First, a quick introduction. My name is Jon. This is my very first post to Micechat, but I'm a very long-time lurker (eww, I hate that term!). I first read Al's wonderful Disneyland updates on the old Usenet newsgroup rec.arts.disney (uh-oh, I'm dating myself!), and then followed him to Miceage from another "Planet." When Micechat started here I registered almost immediately, and I've read hundreds--no, make that thousands--of your posts since.
But now, I think I have something from the Disney universe to share with all of you.
Last night, I was lucky enough to see a wonderful new documentary about Disney's "Good Neighbor" tour of South America in 1941. It's called "Walt and El Grupo" (Spanish for "the group), and it was made by the husband & wife team behind "Frank and Ollie"--Ted Thomas (Frank's son) and Kuniko Okubo.
It was shown as part of the Seattle International Film Festival, and Ted and Kuniko were in the audience. They took some questions after the screening, too.
If you liked "Frank and Ollie" (and what Disney fan didn't?!), you'll love "Walt and El Grupo"! It tells the story behind the historic three-month trip (led by Walt himself, and including Frank Thomas), and the impact the "Grupo" had on South America on the cusp of World War II. This is of course the trip that led directly to the creation of "Saludos Amigos" and "The Three Caballeros." But, you'll also learn some of the surprising ways this trip impacted the Disney artists who participated (Mary Blair in particular).
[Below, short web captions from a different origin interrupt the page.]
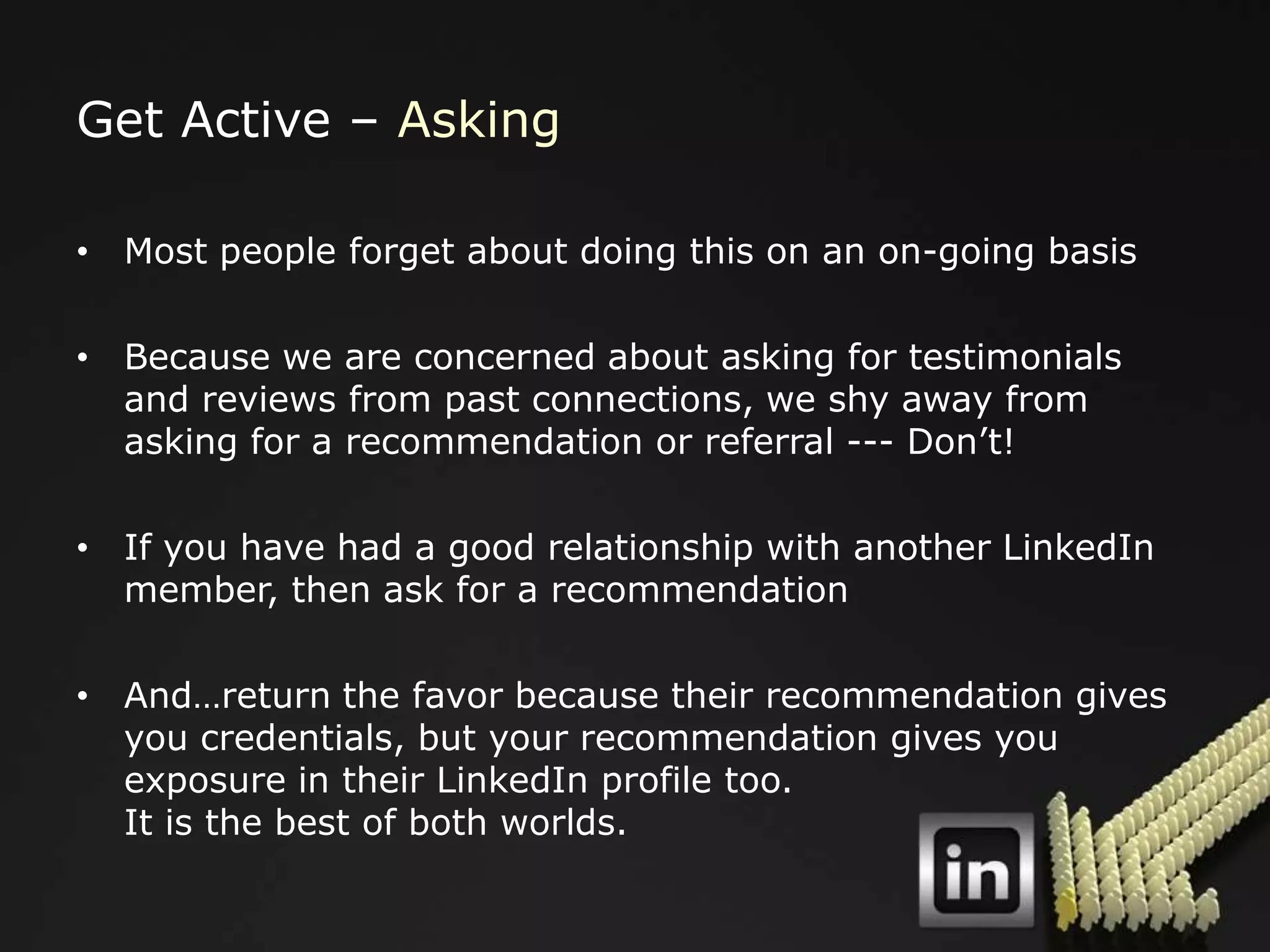 Get Active – Asking

• Most people forget about doing this on an on-going basis

• Because we are concerned about asking for testimonials
  and reviews from past connections, we shy away from
  asking for a recommendation or referral --- Don‟t!

• If you have had a good relationship with another LinkedIn
  member, then ask for a recommendation

• And…return the favor because their recommendation gives
  you credentials, but your recommendation gives you
  exposure in their LinkedIn profile too.
  It is the best of both worlds.
 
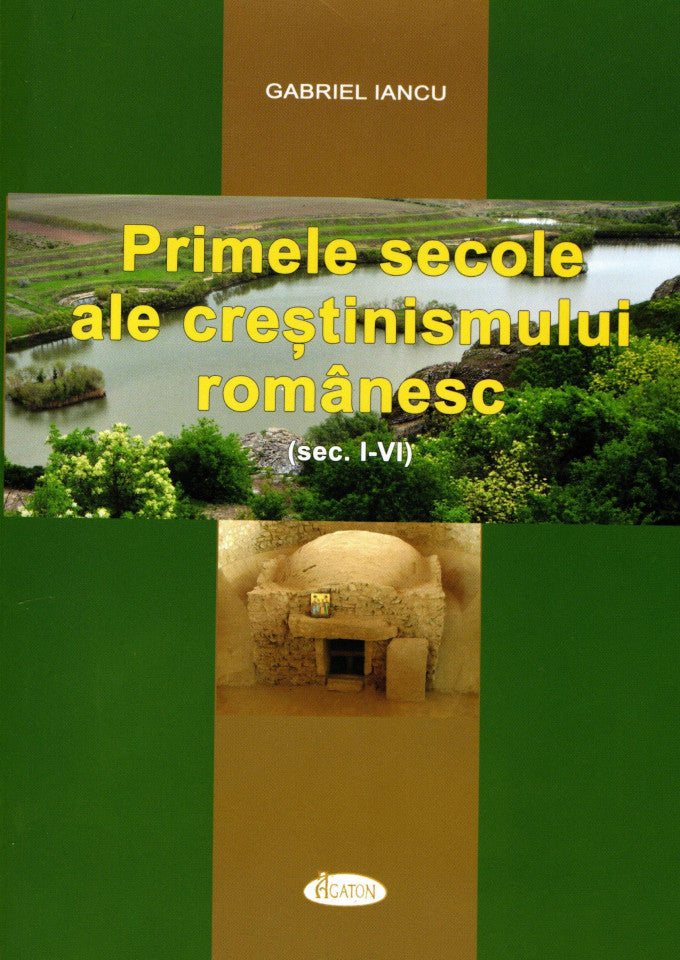 Primele secole ale creștinismului românesc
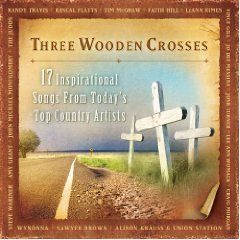 Three Wooden Crosses CD 17 Inspirational Country Songs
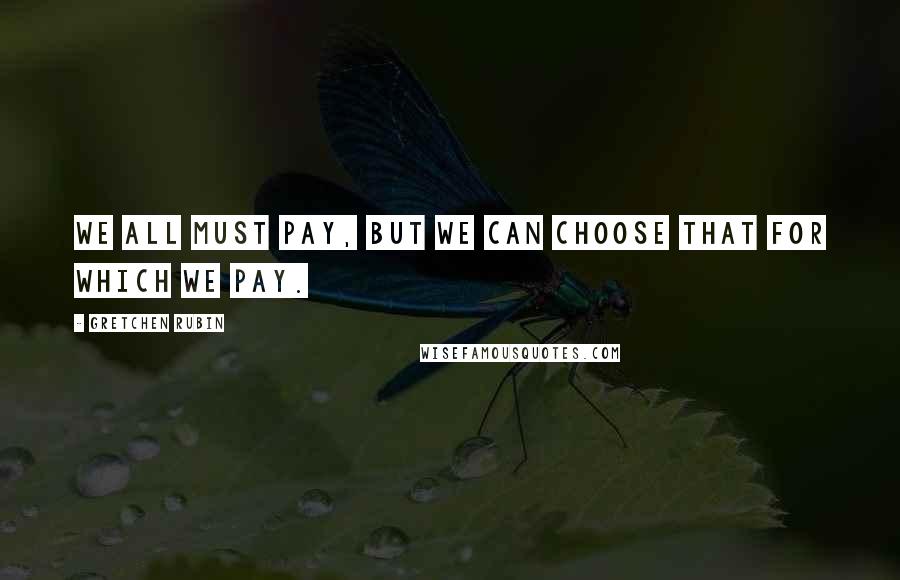 Gretchen Rubin Quotes: We all must pay, but we can choose that for which we pay.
Sadly, none of the original participants are around to share their stories any longer. But during their long absence, they wrote many, many letters to loved ones back home. The surviving spouses and children share these letters during the film, and they're often funny and surprisingly touching.
Diane Disney Miller is interviewed for the film, and she's actually the reason the film was made at all. She contacted Ted and suggested the topic, and the Disney Family Foundation provided some of the funding for it.
The filmmakers retraced the steps of the trip, and found many locations where the group had been photographed. The art they created at each stop of the trip is prominently featured, including bits of final animation. They also interviewed many of the South Americans (or surviving spouses/children) who were hosts and colleagues during the tour.
All in all, I thought it was terrific!
If you're in the Seattle area, you have one last chance to see it. But hurry--it's screening today (6/9) at 4:30pm.